Organised by Tessa Petersen and Judy Bellingham, executant lecturers in violin and voice at the University of Otago, it features performances, illustrated lectures and a rehearsed reading of The Habit of Art, a play by Alan Bennett about the meeting of Britten and poet W.H. Auden, former friends who had fallen out 25 years previously.
Britten (1913-76) was the most significant British composer of the mid-20th century and wrote an extraordinary range of works, from folksong settings and choral and chamber works for children to complex orchestral pieces, operas and choral works, Petersen said.
According to Bellingham, there had been a renaissance of choral music at the beginning of the 20th century led by composers such as Parry, Stanford, Elgar and Vaughan Williams, and Britten took over from them.
Britten's life partner was tenor Peter Pears, for whom he wrote numerous vocal works and many opera roles, including Albert Herring and Peter Grimes in the operas of the same name. Britten was a fine pianist and always accompanied Pears, Bellingham said.
The couple went to the US in 1939 when World War 2 started, but later returned to England and settled in Aldeburgh, Suffolk. They started the Aldeburgh festival there in 1948. The Dunedin festival, which opens tomorrow evening, is sponsored by an award from the Britten-Pears Foundation.

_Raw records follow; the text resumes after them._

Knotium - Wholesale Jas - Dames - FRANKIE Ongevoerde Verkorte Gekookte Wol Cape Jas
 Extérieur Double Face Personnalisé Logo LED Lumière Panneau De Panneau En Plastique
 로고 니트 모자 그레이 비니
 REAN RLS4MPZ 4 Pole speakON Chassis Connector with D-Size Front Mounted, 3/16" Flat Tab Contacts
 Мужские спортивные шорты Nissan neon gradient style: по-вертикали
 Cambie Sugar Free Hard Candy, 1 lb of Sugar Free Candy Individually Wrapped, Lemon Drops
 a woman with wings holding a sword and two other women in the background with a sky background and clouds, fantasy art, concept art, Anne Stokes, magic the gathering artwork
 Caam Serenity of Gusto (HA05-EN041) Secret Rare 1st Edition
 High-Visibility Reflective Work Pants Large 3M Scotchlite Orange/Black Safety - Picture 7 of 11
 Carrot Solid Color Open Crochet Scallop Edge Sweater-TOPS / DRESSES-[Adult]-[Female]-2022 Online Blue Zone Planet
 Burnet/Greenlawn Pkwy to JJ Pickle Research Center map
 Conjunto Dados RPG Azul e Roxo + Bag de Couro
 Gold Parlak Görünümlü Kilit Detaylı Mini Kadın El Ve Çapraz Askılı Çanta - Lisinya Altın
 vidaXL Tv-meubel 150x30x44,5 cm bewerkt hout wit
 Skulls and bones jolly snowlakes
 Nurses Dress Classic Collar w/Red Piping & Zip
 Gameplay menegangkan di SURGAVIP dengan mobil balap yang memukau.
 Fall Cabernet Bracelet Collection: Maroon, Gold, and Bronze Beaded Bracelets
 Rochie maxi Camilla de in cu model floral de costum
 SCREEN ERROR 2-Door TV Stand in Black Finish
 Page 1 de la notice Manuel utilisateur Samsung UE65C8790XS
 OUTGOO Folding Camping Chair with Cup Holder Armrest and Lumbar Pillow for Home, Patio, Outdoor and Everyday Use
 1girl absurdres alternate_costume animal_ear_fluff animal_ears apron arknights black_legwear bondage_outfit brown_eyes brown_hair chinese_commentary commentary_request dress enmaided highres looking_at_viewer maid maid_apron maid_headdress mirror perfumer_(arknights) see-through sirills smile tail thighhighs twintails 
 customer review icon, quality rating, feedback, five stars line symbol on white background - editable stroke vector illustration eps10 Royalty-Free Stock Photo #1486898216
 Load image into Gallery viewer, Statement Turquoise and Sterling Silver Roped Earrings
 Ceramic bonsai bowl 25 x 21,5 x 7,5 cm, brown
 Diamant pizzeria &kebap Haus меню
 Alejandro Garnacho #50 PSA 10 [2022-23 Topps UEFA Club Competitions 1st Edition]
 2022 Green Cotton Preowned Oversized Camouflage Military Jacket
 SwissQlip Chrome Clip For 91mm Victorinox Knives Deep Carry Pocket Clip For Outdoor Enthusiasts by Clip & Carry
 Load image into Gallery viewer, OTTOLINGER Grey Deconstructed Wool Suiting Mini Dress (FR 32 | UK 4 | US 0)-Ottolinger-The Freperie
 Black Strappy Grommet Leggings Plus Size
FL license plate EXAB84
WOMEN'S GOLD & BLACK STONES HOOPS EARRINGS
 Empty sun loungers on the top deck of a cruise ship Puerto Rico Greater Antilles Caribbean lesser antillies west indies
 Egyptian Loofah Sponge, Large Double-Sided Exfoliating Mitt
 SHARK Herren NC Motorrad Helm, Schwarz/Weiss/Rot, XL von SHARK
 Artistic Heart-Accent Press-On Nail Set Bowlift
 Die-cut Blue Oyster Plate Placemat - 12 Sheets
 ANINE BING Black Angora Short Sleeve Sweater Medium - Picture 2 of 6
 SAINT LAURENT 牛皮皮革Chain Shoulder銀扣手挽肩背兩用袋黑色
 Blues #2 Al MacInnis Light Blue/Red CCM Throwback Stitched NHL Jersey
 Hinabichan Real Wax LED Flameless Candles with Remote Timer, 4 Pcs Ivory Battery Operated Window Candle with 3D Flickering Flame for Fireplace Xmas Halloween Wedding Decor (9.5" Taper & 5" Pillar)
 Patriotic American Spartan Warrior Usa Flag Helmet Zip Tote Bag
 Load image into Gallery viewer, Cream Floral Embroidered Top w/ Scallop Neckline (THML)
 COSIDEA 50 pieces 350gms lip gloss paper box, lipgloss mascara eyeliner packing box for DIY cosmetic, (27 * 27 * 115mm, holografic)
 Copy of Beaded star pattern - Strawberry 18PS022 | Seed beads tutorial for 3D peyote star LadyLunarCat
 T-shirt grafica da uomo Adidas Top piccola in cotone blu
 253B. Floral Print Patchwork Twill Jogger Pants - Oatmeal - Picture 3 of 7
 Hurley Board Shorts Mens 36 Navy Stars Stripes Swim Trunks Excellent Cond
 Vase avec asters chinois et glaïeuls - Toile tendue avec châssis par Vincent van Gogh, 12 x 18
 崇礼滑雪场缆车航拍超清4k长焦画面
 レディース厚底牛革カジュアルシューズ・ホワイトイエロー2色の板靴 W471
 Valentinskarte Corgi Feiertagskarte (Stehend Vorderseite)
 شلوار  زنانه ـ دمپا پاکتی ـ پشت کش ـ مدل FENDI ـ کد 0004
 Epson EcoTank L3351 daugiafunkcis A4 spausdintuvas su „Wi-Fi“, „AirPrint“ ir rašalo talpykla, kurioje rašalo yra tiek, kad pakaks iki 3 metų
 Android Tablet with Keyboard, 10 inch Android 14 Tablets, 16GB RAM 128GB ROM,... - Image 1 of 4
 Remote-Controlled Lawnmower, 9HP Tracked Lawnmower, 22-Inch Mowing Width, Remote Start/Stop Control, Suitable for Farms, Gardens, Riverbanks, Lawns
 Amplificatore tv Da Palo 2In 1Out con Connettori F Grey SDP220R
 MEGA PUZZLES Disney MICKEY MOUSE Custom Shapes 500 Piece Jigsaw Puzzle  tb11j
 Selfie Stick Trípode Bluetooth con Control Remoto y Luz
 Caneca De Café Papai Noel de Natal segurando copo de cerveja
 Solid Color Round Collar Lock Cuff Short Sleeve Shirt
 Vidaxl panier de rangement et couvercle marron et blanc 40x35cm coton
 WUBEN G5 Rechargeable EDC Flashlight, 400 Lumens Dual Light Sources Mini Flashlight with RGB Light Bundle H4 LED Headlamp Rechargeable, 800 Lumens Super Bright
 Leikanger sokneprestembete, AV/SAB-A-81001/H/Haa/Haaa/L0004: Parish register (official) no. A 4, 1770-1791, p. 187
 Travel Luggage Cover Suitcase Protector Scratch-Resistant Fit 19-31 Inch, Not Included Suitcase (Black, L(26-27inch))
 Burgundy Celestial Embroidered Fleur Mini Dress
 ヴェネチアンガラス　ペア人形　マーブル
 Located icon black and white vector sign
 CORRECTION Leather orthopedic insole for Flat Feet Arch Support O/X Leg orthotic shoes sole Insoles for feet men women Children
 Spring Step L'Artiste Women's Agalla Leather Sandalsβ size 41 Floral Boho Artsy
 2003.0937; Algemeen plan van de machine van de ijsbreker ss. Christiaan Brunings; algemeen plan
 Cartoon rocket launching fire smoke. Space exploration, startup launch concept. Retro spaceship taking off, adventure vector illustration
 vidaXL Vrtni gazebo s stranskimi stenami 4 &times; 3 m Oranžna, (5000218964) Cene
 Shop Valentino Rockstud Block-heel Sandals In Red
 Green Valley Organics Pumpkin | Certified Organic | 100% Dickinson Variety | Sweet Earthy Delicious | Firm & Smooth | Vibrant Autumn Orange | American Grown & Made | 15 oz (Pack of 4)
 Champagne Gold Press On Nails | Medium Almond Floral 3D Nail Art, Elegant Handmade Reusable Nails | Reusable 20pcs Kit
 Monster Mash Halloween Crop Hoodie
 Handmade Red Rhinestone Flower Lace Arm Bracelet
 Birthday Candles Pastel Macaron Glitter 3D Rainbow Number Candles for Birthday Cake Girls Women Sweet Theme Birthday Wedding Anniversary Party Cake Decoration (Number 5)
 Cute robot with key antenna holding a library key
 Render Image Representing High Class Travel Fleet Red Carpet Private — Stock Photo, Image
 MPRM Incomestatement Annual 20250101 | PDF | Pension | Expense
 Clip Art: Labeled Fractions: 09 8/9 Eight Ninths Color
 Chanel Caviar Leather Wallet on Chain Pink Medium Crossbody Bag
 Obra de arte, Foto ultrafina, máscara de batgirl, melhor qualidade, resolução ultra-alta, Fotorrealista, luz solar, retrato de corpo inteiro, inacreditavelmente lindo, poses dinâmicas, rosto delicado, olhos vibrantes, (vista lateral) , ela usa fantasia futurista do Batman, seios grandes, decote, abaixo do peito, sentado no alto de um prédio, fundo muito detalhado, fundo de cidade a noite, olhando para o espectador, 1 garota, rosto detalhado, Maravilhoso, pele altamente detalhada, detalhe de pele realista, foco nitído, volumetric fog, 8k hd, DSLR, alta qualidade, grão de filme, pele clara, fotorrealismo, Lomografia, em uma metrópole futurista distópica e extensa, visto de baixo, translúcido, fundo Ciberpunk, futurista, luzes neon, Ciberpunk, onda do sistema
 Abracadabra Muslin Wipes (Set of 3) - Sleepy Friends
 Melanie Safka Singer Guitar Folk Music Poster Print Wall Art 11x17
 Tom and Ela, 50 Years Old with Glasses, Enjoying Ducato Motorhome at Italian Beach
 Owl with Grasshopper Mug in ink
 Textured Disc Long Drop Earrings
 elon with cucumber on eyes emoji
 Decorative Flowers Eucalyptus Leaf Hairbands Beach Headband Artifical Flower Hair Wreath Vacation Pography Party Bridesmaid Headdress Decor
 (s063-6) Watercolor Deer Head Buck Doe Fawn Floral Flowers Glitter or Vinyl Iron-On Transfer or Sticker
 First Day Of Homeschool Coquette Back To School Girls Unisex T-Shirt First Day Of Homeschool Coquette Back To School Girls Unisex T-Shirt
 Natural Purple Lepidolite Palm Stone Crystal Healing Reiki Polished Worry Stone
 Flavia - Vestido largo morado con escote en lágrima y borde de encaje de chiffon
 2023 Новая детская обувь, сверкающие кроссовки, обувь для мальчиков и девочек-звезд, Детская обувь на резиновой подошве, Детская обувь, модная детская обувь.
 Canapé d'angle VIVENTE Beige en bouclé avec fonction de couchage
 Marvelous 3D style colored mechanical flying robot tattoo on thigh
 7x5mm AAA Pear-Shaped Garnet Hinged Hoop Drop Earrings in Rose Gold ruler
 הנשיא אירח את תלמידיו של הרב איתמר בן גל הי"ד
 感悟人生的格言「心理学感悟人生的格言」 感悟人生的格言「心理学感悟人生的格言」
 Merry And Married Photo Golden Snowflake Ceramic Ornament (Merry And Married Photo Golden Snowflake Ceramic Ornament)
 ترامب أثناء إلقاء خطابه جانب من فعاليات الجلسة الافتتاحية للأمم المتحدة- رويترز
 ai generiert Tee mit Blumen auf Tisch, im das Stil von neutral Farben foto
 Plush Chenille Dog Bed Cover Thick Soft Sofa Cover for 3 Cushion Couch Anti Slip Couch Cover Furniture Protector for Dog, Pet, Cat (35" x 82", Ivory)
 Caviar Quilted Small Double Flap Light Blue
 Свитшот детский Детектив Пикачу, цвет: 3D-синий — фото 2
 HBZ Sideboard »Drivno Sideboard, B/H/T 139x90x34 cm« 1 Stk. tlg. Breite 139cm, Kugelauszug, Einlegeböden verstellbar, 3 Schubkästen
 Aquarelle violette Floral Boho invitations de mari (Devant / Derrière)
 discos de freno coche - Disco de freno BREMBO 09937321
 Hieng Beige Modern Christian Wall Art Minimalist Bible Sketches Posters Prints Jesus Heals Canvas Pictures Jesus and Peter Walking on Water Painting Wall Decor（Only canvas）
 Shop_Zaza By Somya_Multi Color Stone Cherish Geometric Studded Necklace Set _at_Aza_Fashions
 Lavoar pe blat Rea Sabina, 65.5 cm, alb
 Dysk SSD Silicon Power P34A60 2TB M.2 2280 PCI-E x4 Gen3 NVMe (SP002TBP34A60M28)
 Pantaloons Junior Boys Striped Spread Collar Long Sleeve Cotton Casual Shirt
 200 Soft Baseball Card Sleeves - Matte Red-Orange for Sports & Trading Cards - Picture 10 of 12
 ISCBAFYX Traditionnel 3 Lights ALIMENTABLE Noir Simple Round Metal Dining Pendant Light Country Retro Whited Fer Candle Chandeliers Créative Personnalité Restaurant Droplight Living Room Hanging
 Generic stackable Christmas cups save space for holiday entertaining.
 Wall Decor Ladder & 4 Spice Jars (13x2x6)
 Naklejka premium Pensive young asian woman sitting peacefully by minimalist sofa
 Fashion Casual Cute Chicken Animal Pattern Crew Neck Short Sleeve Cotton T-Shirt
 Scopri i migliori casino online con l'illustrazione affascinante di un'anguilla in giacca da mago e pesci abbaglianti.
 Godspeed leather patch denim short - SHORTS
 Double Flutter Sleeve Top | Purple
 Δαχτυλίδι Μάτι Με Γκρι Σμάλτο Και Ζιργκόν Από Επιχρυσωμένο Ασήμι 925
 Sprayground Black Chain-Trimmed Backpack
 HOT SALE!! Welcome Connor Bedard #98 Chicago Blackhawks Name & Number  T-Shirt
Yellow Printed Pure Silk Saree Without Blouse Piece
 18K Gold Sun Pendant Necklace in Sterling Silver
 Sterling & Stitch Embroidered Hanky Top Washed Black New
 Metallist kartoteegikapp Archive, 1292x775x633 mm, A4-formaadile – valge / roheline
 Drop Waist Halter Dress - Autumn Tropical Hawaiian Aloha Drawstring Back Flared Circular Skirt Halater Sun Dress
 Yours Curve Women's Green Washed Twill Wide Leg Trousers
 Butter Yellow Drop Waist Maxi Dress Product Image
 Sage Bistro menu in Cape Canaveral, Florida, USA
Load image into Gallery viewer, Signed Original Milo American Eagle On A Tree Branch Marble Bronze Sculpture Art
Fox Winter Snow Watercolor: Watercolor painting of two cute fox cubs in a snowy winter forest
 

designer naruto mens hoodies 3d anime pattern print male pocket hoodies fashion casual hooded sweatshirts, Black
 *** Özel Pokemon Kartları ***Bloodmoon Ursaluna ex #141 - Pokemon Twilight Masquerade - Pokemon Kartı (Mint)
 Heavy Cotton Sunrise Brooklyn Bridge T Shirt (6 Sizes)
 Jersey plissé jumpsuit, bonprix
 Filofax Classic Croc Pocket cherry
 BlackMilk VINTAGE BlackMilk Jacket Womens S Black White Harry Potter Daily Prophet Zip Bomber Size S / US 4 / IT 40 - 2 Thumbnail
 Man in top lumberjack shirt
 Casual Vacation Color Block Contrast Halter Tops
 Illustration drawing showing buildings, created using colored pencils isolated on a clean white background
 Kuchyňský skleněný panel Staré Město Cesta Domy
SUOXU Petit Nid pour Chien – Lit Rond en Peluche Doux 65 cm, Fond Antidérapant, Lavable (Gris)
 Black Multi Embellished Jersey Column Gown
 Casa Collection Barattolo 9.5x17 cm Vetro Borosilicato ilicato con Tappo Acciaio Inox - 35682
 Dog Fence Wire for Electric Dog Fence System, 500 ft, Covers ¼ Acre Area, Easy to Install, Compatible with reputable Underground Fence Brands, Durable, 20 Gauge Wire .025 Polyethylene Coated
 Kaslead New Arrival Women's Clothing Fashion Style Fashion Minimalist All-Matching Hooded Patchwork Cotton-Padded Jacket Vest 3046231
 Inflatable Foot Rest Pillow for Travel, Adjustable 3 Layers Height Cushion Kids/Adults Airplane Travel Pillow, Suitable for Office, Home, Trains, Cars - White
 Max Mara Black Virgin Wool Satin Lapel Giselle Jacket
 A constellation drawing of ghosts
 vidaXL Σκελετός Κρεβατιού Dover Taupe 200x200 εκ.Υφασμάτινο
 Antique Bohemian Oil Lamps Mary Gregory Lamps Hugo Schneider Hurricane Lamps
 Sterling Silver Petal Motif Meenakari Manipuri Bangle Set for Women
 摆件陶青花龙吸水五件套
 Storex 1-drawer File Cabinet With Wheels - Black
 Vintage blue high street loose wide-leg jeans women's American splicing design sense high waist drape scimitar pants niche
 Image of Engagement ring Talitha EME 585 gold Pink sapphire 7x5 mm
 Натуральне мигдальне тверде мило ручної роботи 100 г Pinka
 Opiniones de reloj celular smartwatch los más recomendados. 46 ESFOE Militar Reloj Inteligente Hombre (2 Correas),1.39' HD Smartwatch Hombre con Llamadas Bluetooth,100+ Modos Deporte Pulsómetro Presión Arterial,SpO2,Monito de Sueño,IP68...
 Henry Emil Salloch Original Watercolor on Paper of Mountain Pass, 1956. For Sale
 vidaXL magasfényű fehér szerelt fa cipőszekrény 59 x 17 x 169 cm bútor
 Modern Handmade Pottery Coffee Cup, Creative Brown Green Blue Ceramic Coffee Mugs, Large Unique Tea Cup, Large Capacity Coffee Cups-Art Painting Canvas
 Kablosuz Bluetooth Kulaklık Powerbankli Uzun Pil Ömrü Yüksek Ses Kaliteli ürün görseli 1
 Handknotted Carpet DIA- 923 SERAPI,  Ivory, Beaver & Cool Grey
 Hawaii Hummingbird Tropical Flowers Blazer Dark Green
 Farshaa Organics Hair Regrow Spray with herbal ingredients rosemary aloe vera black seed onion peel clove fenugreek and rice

It includes a concert of works for children featuring the Southern Children's Choir, another of choral music featuring the Southern Youth Choir, the Southern Consort of Voices and the St Paul's Cathedral Choir, a choral matins, two concerts of chamber music performed by university performance staff and guests, and illustrated lectures on the Irish and Scottish folk song arrangements, another on Britten's operas, and a rehearsed play reading.